The New Zealand Fire Service launched an unsettling campaign today via FCB, which draws attention to the importance of smoke alarms through a newspaper ad that’s been printed with a combination of ink and ash.   

The campaign was launched after NZ Fire Service won News Works’ inaugural Day of Influence challenge, giving the client $300,000 worth of free advertising.

For the initiative, NZ Fire Service and FCB used the remains of a South Auckland home and infused it with ink, using it to print an article which ran in today’s New Zealand Herald, according to a release.

The article tells the story of how a fire swept through the home of Cathylyn Palaa, where she lived with her brother, his wife and their six children; as well as confrontational statistics on house fires in New Zealand to emphasise the importance of a working smoke alarm.

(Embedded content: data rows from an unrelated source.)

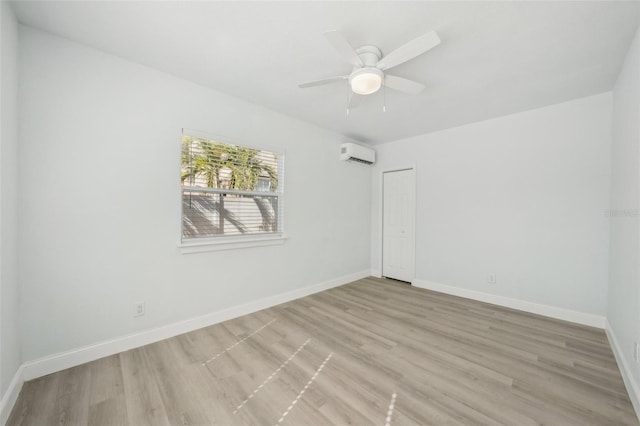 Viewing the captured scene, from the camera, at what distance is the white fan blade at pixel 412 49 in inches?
63.3

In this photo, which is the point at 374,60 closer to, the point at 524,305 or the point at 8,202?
the point at 8,202

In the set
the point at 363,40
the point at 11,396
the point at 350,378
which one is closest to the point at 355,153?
the point at 363,40

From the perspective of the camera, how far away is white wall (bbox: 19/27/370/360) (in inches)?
73.4

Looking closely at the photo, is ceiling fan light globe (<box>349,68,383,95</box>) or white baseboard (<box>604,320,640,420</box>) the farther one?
ceiling fan light globe (<box>349,68,383,95</box>)

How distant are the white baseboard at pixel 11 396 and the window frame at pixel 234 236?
4.25 ft

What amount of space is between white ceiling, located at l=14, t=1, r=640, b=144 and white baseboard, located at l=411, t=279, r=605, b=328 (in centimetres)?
251

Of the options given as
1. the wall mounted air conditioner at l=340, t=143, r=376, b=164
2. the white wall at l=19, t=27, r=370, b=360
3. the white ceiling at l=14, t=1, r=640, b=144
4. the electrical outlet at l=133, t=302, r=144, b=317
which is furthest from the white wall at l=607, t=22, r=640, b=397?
the electrical outlet at l=133, t=302, r=144, b=317

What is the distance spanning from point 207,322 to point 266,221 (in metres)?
1.35

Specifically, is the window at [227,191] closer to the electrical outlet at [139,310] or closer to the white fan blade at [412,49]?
the electrical outlet at [139,310]

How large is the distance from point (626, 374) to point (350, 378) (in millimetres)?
2054

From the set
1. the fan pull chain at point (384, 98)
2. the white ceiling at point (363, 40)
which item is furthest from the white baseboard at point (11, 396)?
the fan pull chain at point (384, 98)

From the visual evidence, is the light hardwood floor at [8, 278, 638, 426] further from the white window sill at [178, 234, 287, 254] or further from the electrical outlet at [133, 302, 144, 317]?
the white window sill at [178, 234, 287, 254]

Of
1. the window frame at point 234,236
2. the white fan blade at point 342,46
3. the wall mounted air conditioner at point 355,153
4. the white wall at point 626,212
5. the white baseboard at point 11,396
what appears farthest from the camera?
the wall mounted air conditioner at point 355,153

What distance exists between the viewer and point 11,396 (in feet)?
5.17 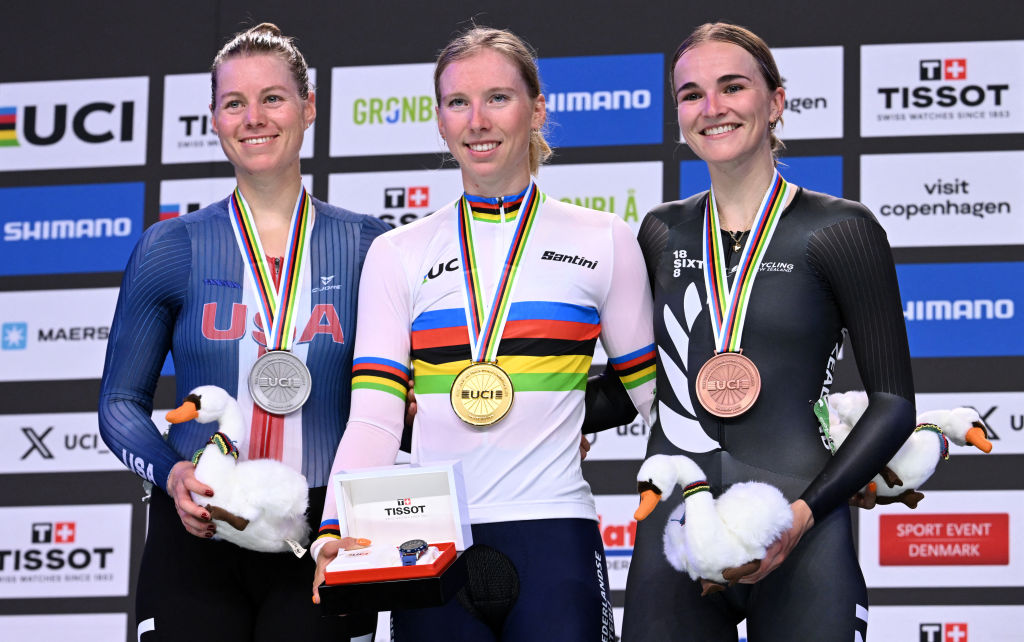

The New Zealand Herald article was also the basis of a TVC, showing how the articles were created and featuring Palaa and family members revisiting the burned down home, where the family lost everything except their lives.

Local stories infused with ink and ash from recent regional fires are also running in todays’ Otago Daily Times, Southland Times, Christchurch Press, Hawke’s Bay Today, Bay of Plenty Times, Waikato Times, Taranaki Daily News and the Dominion Post.

“Without that smoke alarm I wouldn’t know that there’s a fire and I want to encourage people to put in a smoke alarm. Don’t think it’s a waste of time or money to buy an alarm, it can help to save lives,” says Palaa.

A release says at 80 percent of the house fires the New Zealand Fire Service attends, there are no working smoke alarms.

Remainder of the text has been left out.